# "Survivor" Brags for Rio



## agilegsds (Dec 31, 2003)

I normally don't post rally brags unless it's a title. However, this weekend was a little bit different - lol!

Rio was entered for Fri-Sat in Rally Excellent A at my local fairgrounds in an old pole barn. On Friday a freak storm hit just before he went into the ring. My concern was that I left all the windows open in my van! It sounded pretty crazy during his run with the wind, rain and thunder on the metal roof but he's not sound sensitive so I wasn't concerned. He did qualify and placed 2nd. I didn't realize how bad the storm was until we went outside and they were closing down the outdoor rings because of 70 MPH winds. It was an all-breed conformation, obedience and rally trial. So we took cover in another rickety pole barn where the breed rings continued to go on, while I was thinking that this may not be a good idea. Little did I know that the worst was yet to come.

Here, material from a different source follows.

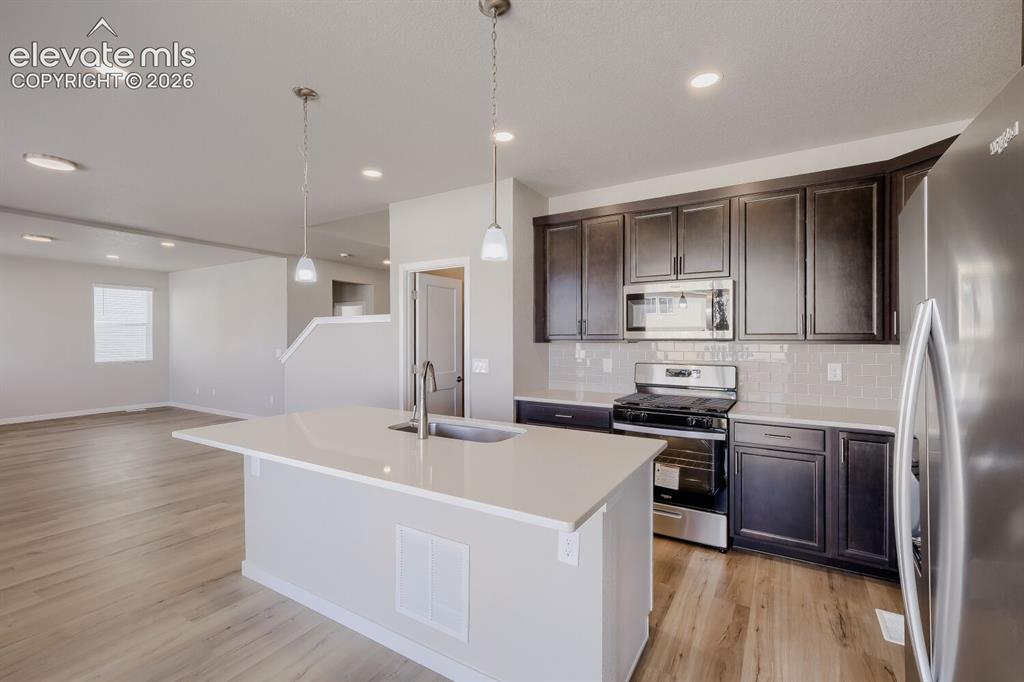 Image 15 of 31: Kitchen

Went home, about 5 minutes away, to find that the power was out. For us that included the water because our well is electric. So that means no running water including showers and toilets. Who would have thought we would have the power outage for 30 hours!!!!!!

We did manage to save most of the food in the fridge and freezer, and probably emptied out the supply of ice in town in the process. I somehow got up the next morning to make the 8:20 am ring time, looking like a bag lady, only to discover that the judge didn't make it there on time due to all of the lights still out in town. (There was a lot of serious tree and power line damage). When they finally got started, I'm sure the judge was wondering how the heck they let me onto the show grounds.

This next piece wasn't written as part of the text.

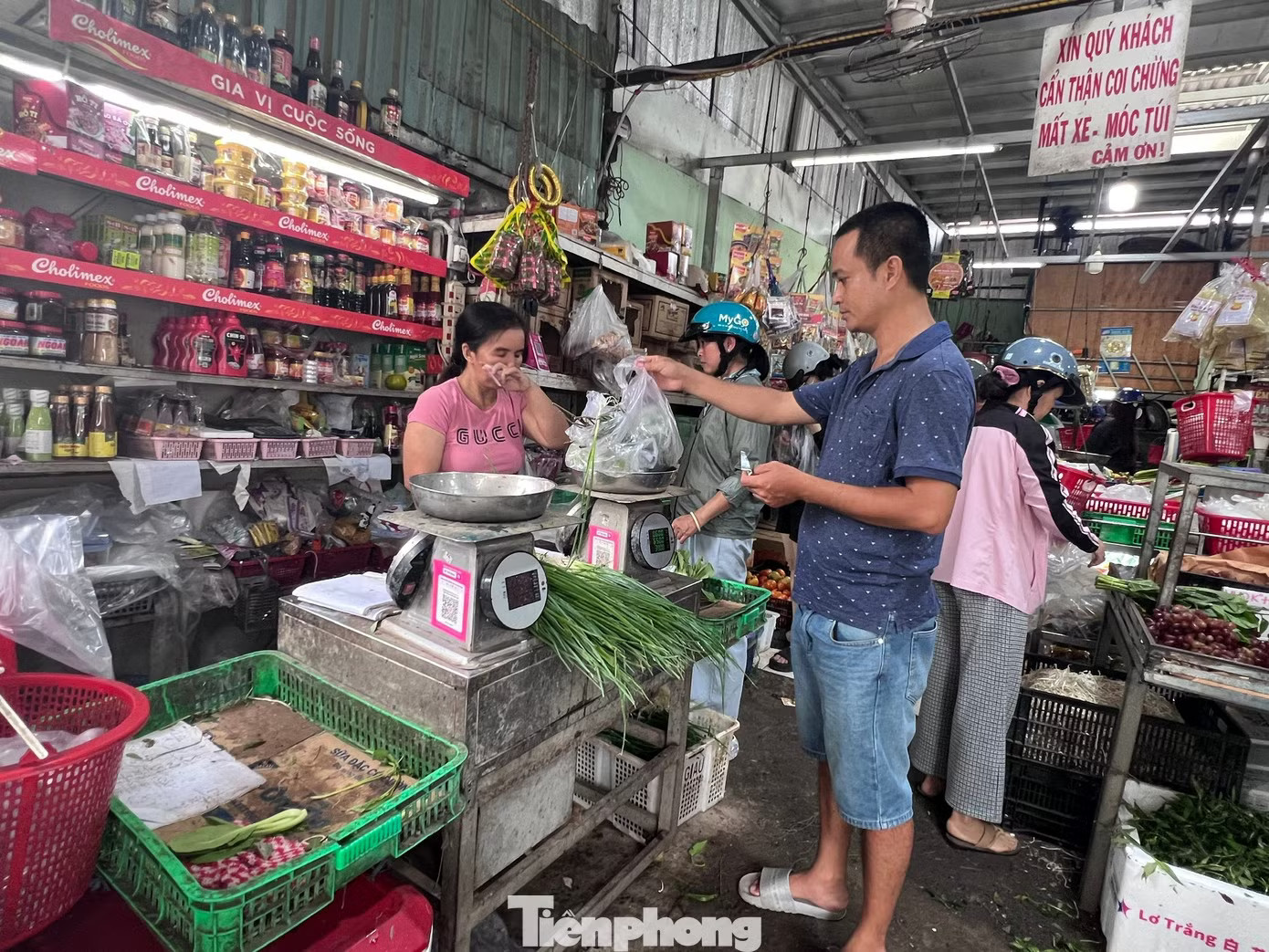 'Bỏng tay' với giá rau sau mưa ngập - Ảnh 7.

Rio did qualify and took 1st, but I noticed that the judge wasn't too anxious to come near me when she gave us our trophy!









So two Rally Excellent legs and I may just try out for the next season of Survivor!


----------



## grmnshpd21 (May 5, 2005)

That is crazy Sandy! I can't imagine having no power for 30 hours and then still making it to the trial the next day. I swear, you are wonder woman!!

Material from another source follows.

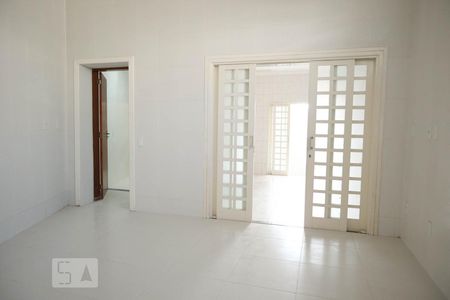 Sala de casa à venda com 3 quartos, 200m² em Jardim Messina, Jundiaí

Congrats on the legs and the placements!!


----------



## CertainlySpoiled (Dec 2, 2007)

on placing first! Sounds like a horrible storm, glad you're ok!


----------



## Amaruq (Aug 29, 2001)

WTG Sandy and Rio! I am still waiting for a Human/Canine Team Survivor show. 

Wow 30 hours without electricity...


----------



## KCandMace (Apr 8, 2008)

I am sure you smelled like







.

Way to go on the Rally!


----------



## agilegsds (Dec 31, 2003)

> Originally Posted By: Amaruq
> Wow 30 hours without electricity...


It sucked. There's no other way to describe it.

By Saturday afternoon DH and I found ourselves hanging out at Menards. They have very nice bathrooms, I was pleasantly surprised. They also let you wander around the entire lumber yard out back and pick out your own boards. Didn't know that before.


----------



## Kayos and Havoc (Oct 17, 2002)

> Originally Posted By: agilegsds
> 
> 
> > Originally Posted By: Amaruq
> ...


Hey learn something new every day!!!!









Guess you have to try to find something funny in all that!!

Congrats on the legs!!


----------